Yine Çin’in Orta Doğu’da İran’a ve Irak’a yönelik yardımları da devam ediyor. Tabii ki bu bölgeler Çin’in Kuşak ve Yol girişiminin de bir parçası. Akdeniz havzasıyla birlikte ele alındığında, Çin’in dış politika araçları arasına “sağlık diplomasisi” de eklenmiş görünüyor.

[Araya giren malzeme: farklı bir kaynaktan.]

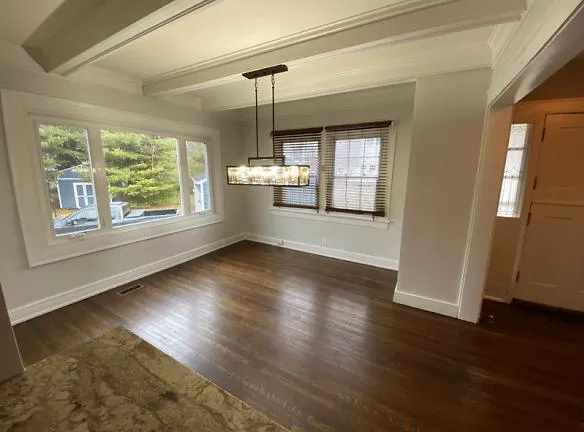 556 E Fall Creek Pkwy N Dr - Indianapolis, IN 46205 - Home For Rent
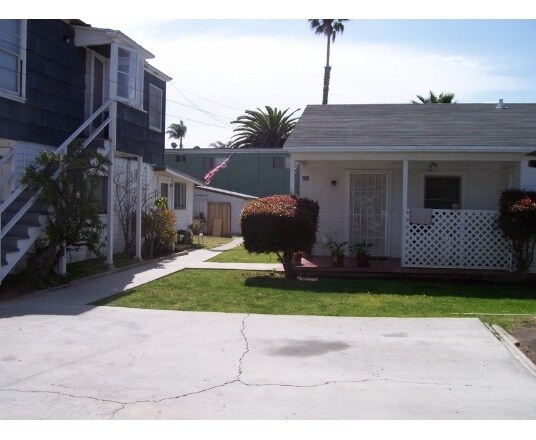 250-254 H St in Chula Vista, CA - Building Photo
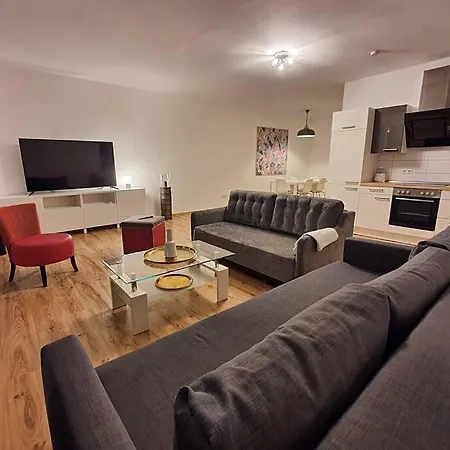 Modern, Minimalistisch Eingerichtete Ferienwohnung Διαμέρισμα *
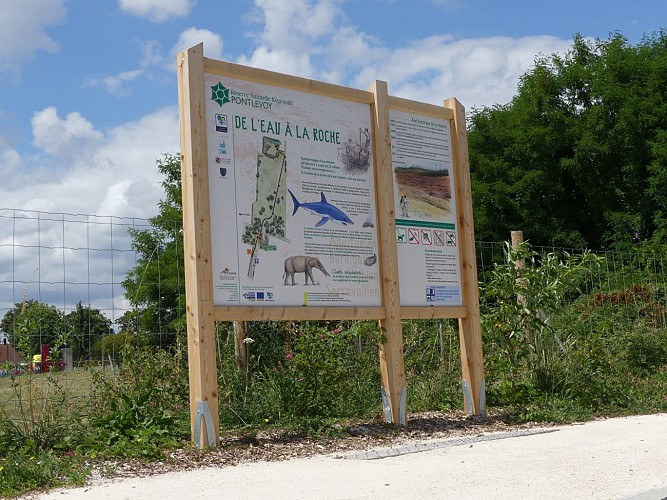 Paneau d'accueil de la réserve naturelle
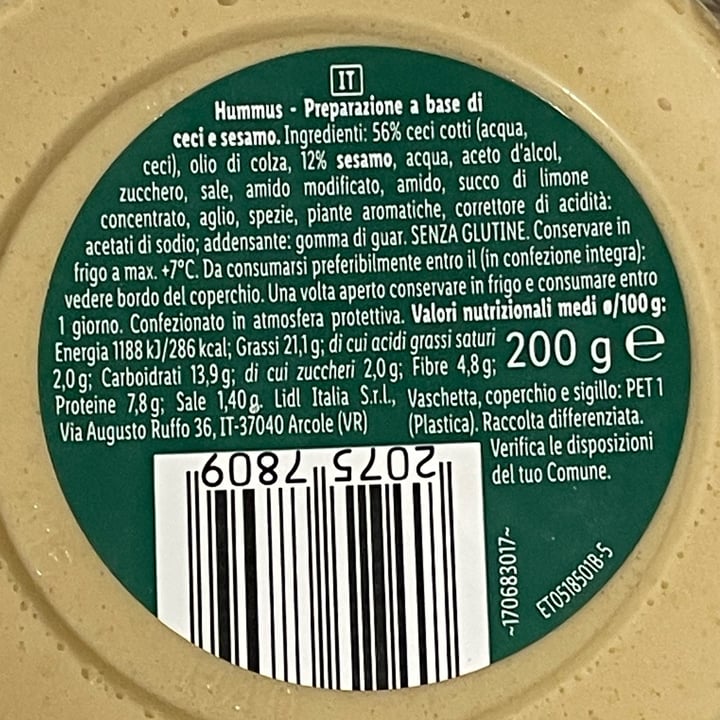 photo of Vemondo Vemondo Hummus Classico shared by @martyveg9 on  12 Apr 2025 - review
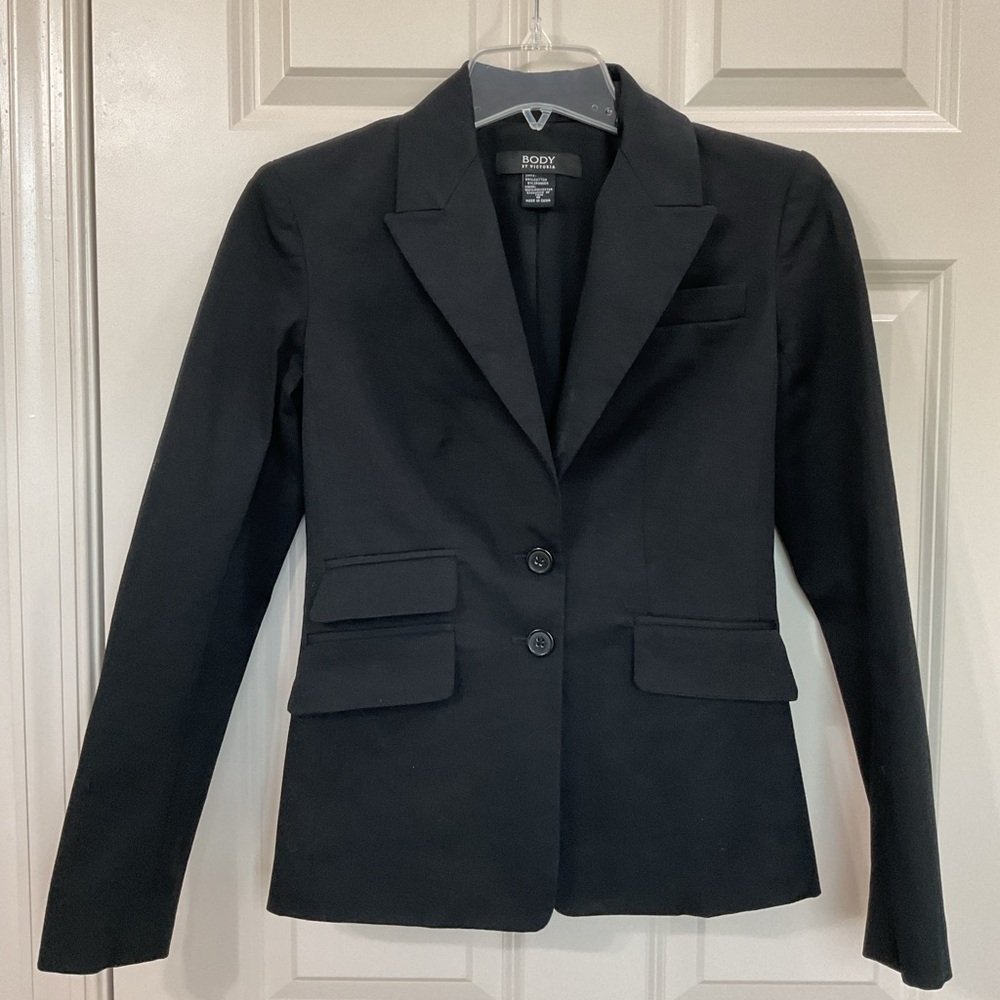 BODY By Victoria Black Suit Jacket. Size: 0.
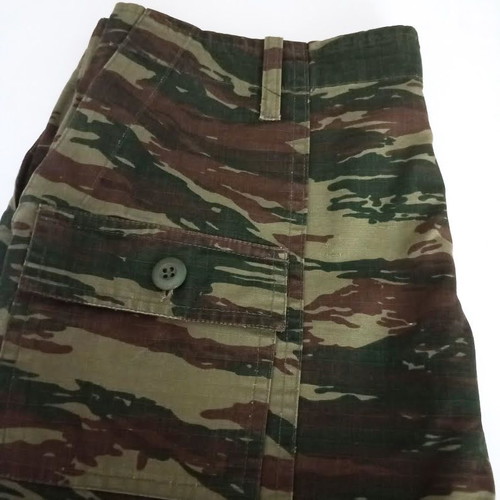 Cargo shorts camouflage size L/XL like new, cotton fabric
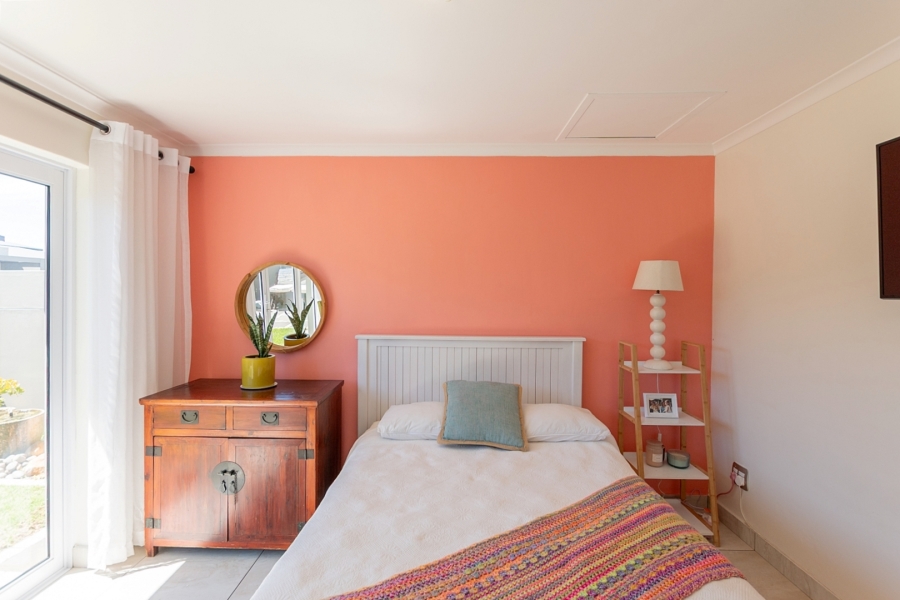 4 Bedroom Property for Sale in Sunset Estate Western Cape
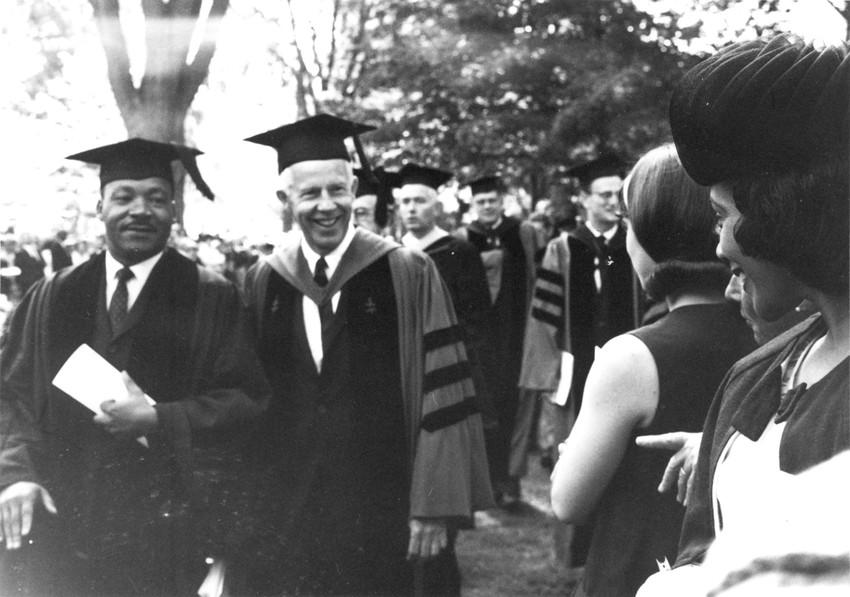 FLOTUS44's tweet photo. From the archives: MLK addresses the @OberlinCollege Class of 1965 → http://t.co/TkVy8r4ViT #ObieCRW http://t.co/dMQnJEaydS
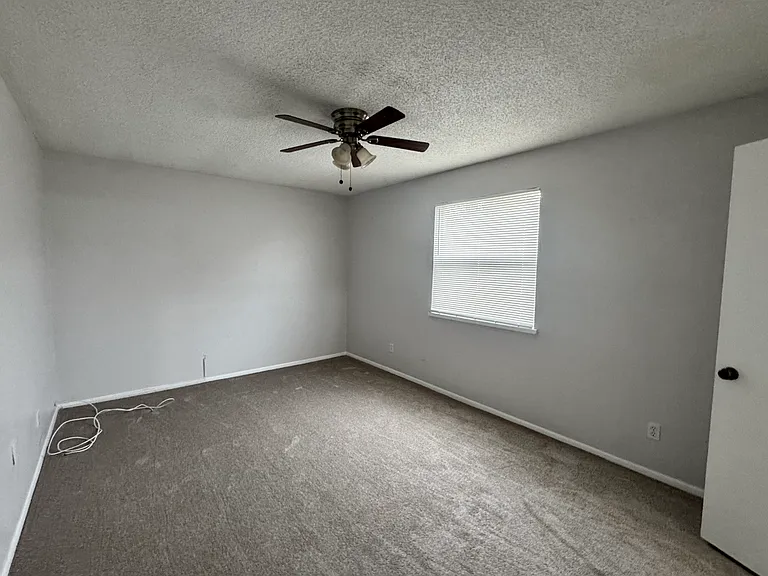 7604 Nacido Ct — Photo 7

Pasifik bölgesi mücadelenin bir başka alanı olma özelliğini sürdürüyor. Çin’in bir süredir bölgedeki ABD müttefiklerine karşı deniz devriyelerini artırdığı biliniyor. Virüsün ABD ordusunu etkilemesi halinde, Çin’in özellikle Güney Çin denizini hareketlendirebileceği tartışılıyor. Tabii ki bu durum rasyonel bir zeminde değerlendirilmeli. Çin’in kendisini dünyaya anlatma fırsatı bulduğu ve Avrupa ile işbirliği zemini geliştirdiği böylesi bir dönemde, askeri bir adım atması pek muhtemel görünmüyor.

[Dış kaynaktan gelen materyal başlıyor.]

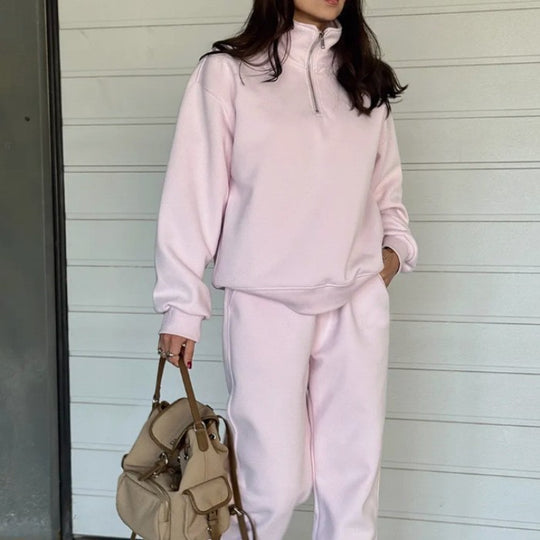 Damen Sweatset mit Halbreißverschluss, oversized Pullover und hochtaillierter weit geschnittener Jogginghose Eichborn Berlin
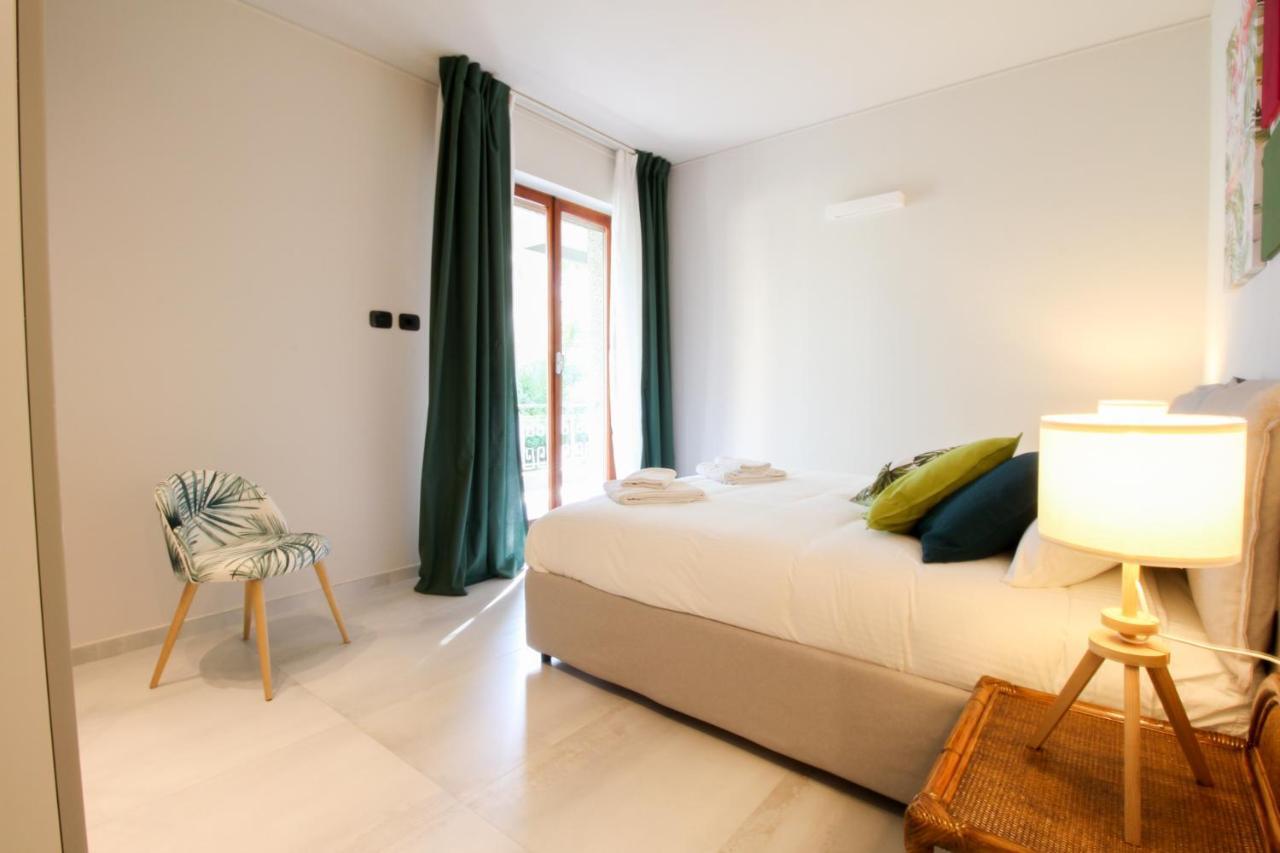 Parrots & Palms Apartment Bordighera Exterior foto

Çin önümüzdeki dönemde dış politikasını temel olarak iki ana düzlemde konumlandırabilir: İlki, küresel imaj tamir etme arayışı olarak tanımlanabilir. Salgının önlenmesinde ve dünyanın bilgilendirilmesindeki eksikleri ve ihmalleri nedeniyle eleştirilen Çin, yeni işbirliği arayışları ve yardım faaliyetleriyle “dünyaya yardım eden Çin” söylemini artırarak devam ettirebilir. İkinci olarak, Çin daha sistemik bir bakış açısıyla, ABD ve Batı ile var olan küresel rekabetinin bir parçası olarak, kendi sistemini dünyaya anlatmaya çalışan ve Batı kurumlarının eksikliklerini ve işlevsizliğini vurgulayan söylemini de güçlendirebilir. Böylelikle Çin, büyük güç rekabetinde önde olan taraf haline geldiğini ispat ederek siyasi nüfuz alanını da derinleştirme amacını devam ettirebilir.

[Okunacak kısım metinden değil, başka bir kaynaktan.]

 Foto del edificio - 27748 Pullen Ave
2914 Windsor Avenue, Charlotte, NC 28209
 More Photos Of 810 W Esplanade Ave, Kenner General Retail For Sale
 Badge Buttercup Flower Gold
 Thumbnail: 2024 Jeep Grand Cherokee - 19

Kovid-19 sonrası 2. dalga “salgın” ekonomisi temelli olabilir
Kovid-19 salgınının hem Çin ekonomisi hem de dünya ekonomisi için bir dönüm noktası olacağı aşikâr. Çok uzun süredir yüksek büyüme oranları gerçekleştiren Çin ekonomisi bir süredir düşüş eğiliminde. ABD ile Çin arasındaki ekonomik rekabet de özellikle ticaret savaşlarıyla gündemdeydi. Her ne kadar Ocak ayındaki anlaşma yoluyla bir ateşkes sağlansa da, ticaret savaşları sürecinde Çin de olumsuz etkilendi. Dış ticaret hacmi daraldı ve ekonomik büyüme oranlarında yavaşlama görüldü.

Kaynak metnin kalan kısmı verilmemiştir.